Alors d’où vient cette glu ? De nous-même forcément et le plus souvent de cet enfant intérieur qui, pour se protéger d’un événement, d’un contexte anxiogène génère une transe qui endort ou gèle notre spontanéité.
C’est bien visible chez J. quand je lui propose d’imaginer qu’il est en présence, ici et maintenant , de son responsable. Son visage se colore, sa respiration devient plus courte, ses épaules montent. Manifestement il aimerait réagir mais une transe spontanée le place dans la position de la mouche piégée sur un ruban de colle. Et plus il s’agite plus la colle est efficace.
Comment faire ? Pour s’échapper de sa prison, il faut encore avoir conscience d’être en prison.

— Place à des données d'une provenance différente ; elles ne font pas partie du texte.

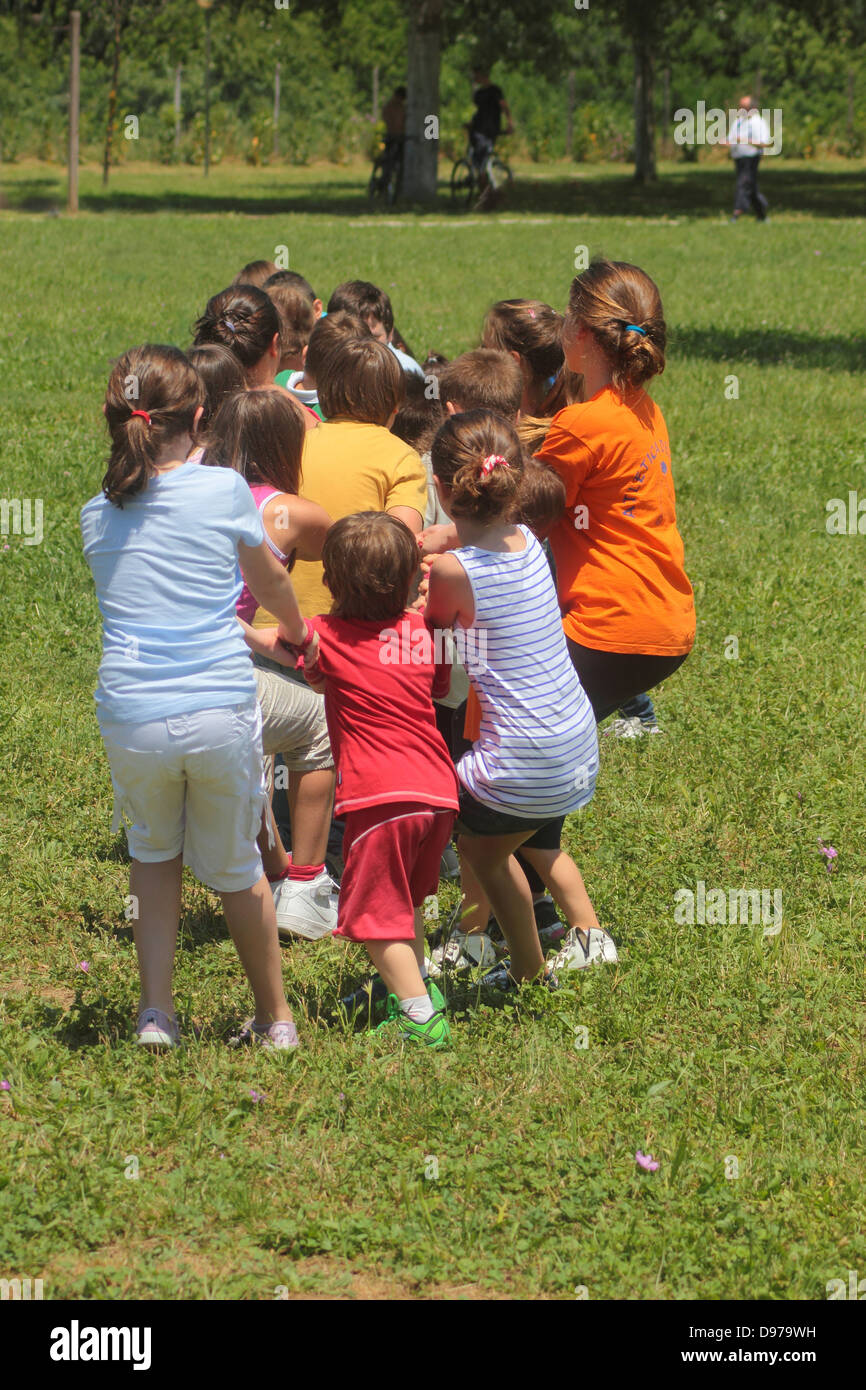 Crowd of children (5-10 yrs old) playing with a rope Stock Photo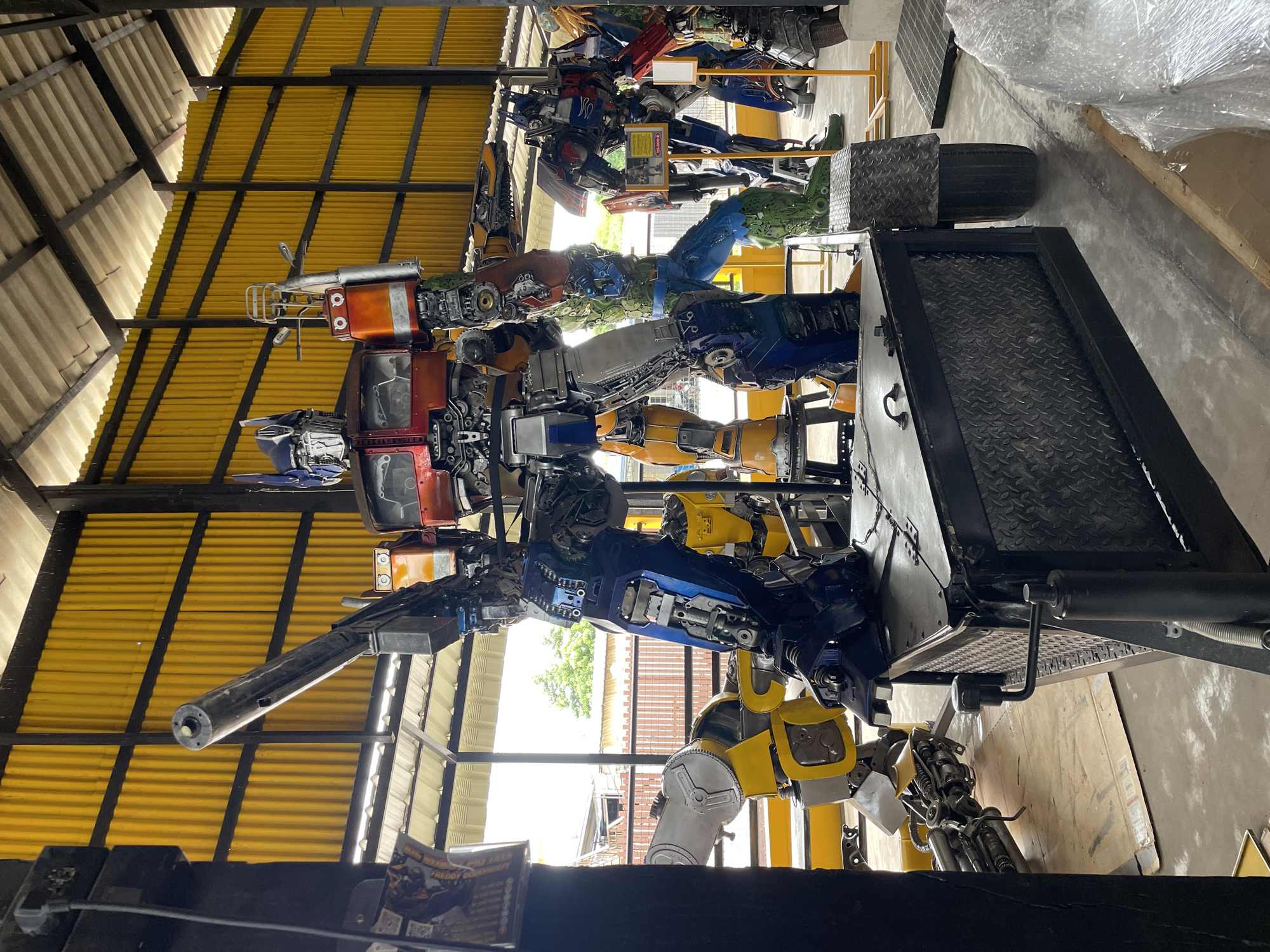An elaborate sculpture of the Transformer character Optimus Prime, constructed from scrap metal, stands prominently in a workshop or exhibition space. The sculpture is detailed, featuring its signature red and blue coloration, and is posed dynamically with a large weapon. To the left and right of Optimus Prime, other Transformer-like sculptures, also made from repurposed materials, are visible, including what appears to be Bumblebee and another character with green legs and blue torso. The background is characterized by a corrugated yellow metal wall and a metal roof structure, typical of industrial or open-air buildings. The flooring is concrete, with various pieces of metal and other materials scattered around, suggesting an active workshop environment. In the foreground, a metal trailer, also constructed from scrap metal, is positioned in front of Optimus Prime, with a diamond plate pattern on its sides and a wheel. The overall impression is one of creative reuse of materials to form impressive and large-scale robotic figures. The location is identified as Pattaya City, Thailand, hinting at a possible tourist attraction or a local artisan's workshop. There are no people visibly present in the image.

Je demande donc à J. de ne surtout pas s’échapper de cette sensation et au contraire de laisser son corps s’y installer confortablement. Bien sûr, cette injonction un peu autoritaire, vient renforcer encore l’impression d’être piégée et renforce encore l’état de transe. C’est un mal nécessaire pour le moment, comme pour éprouver la solidité des barreaux d’une prison.
- Cette sensation n’est certainement pas nouvelle, laissez-vous guider par celle-ci et voyez-là ou ça vous mène?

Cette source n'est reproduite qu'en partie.